**WHAT NEEDS TO BE DONE**
Your copy should begin at the line containing "Tanzim satışlarda bakliyat da satılacak Tanzim" and end at the last line of the records; transcribe those lines exactly and leave out every picture.

--- PROVIDED MATERIAL Enclosed Below ---

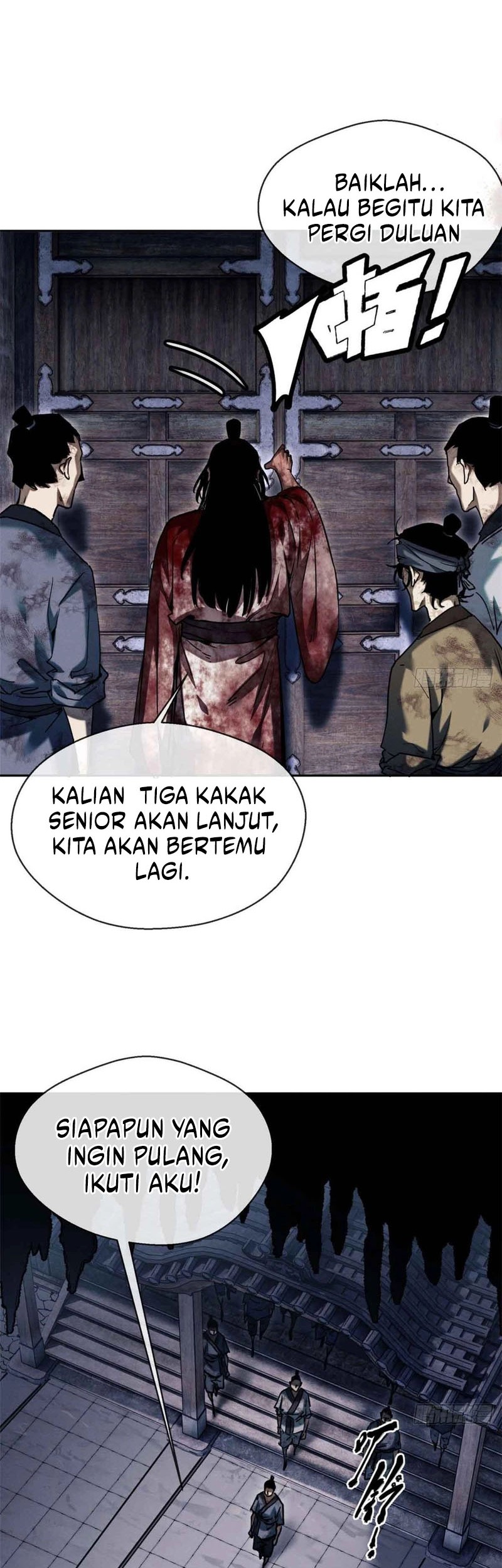 Halaman 631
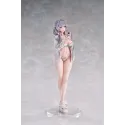 Original Character Machi Pajamas Ver. Ascendia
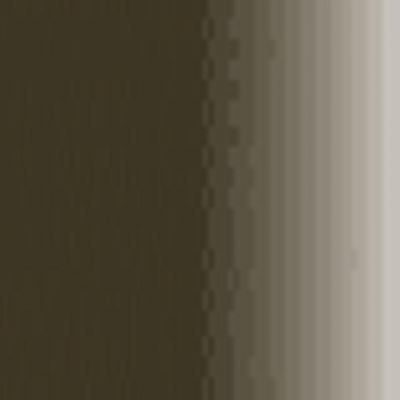 Brun Moyen P038 Gamme Air - Pot de 17ml - Prince A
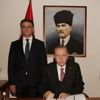 Tanzim satışlarda bakliyat da satılacak Tanzim satışlarda bakliyat da satılacak
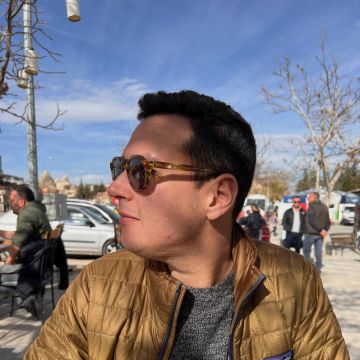 Casa Resolvida - Cascais - Ventiladores de techo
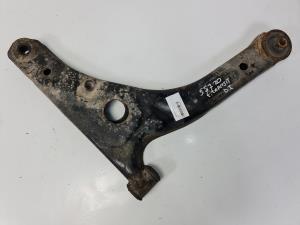 BRAZO SUSPENSION INFERIOR DELANTERO IZQUIERDO FORD TRANSIT CAJA CERRADA, CORTA (FY) (2000 =>) Autodesguaces Al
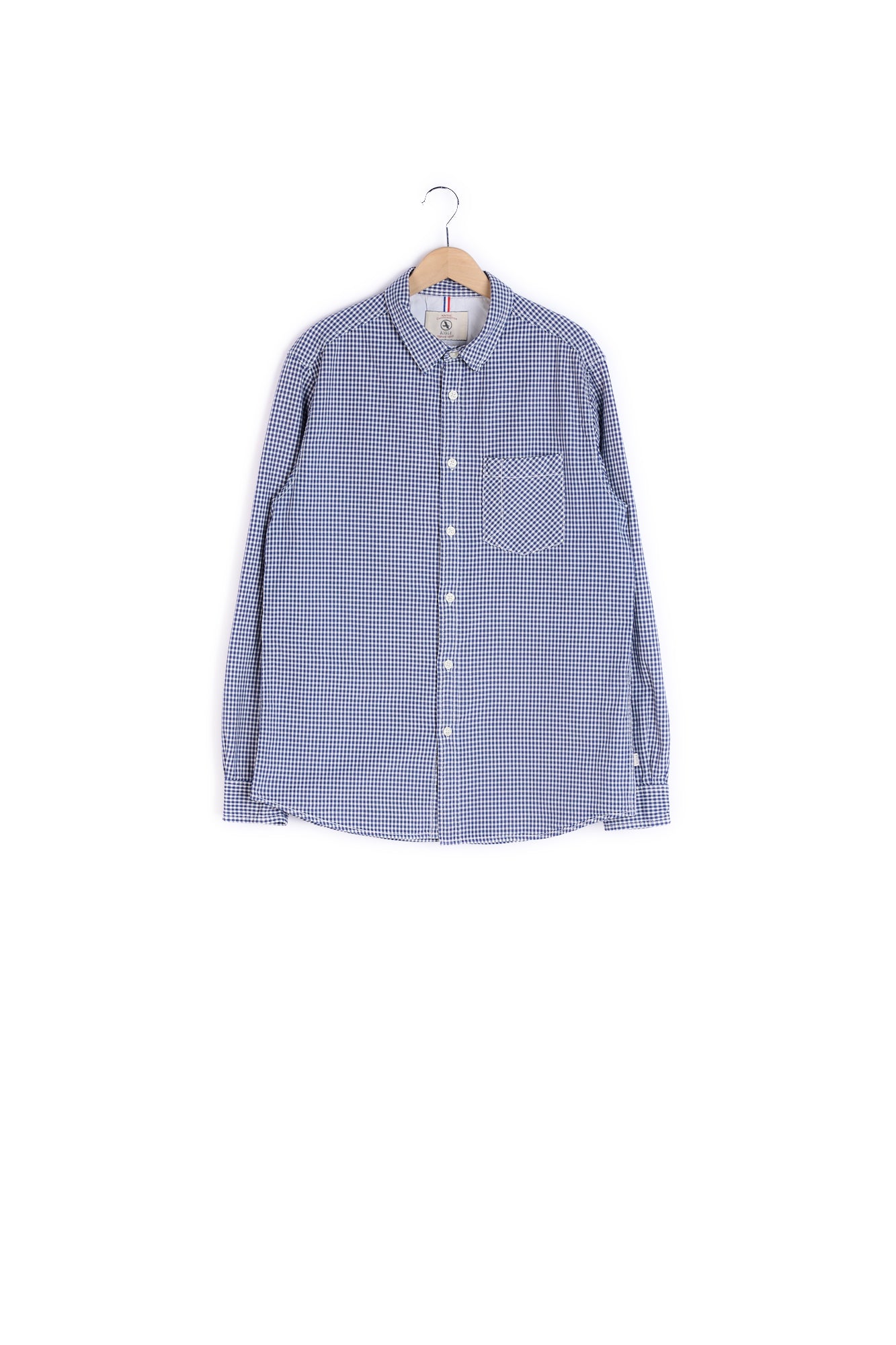 Chemise - L Aigle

--- End of Enclosed PROVIDED MATERIAL ---

**ANSWER AREA**
 Tanzim satışlarda bakliyat da satılacak Tanzim satışlarda bakliyat da satılacak
 Casa Resolvida - Cascais - Ventiladores de techo
 BRAZO SUSPENSION INFERIOR DELANTERO IZQUIERDO FORD TRANSIT CAJA CERRADA, CORTA (FY) (2000 =>) Autodesguaces Al
 Chemise - L Aigle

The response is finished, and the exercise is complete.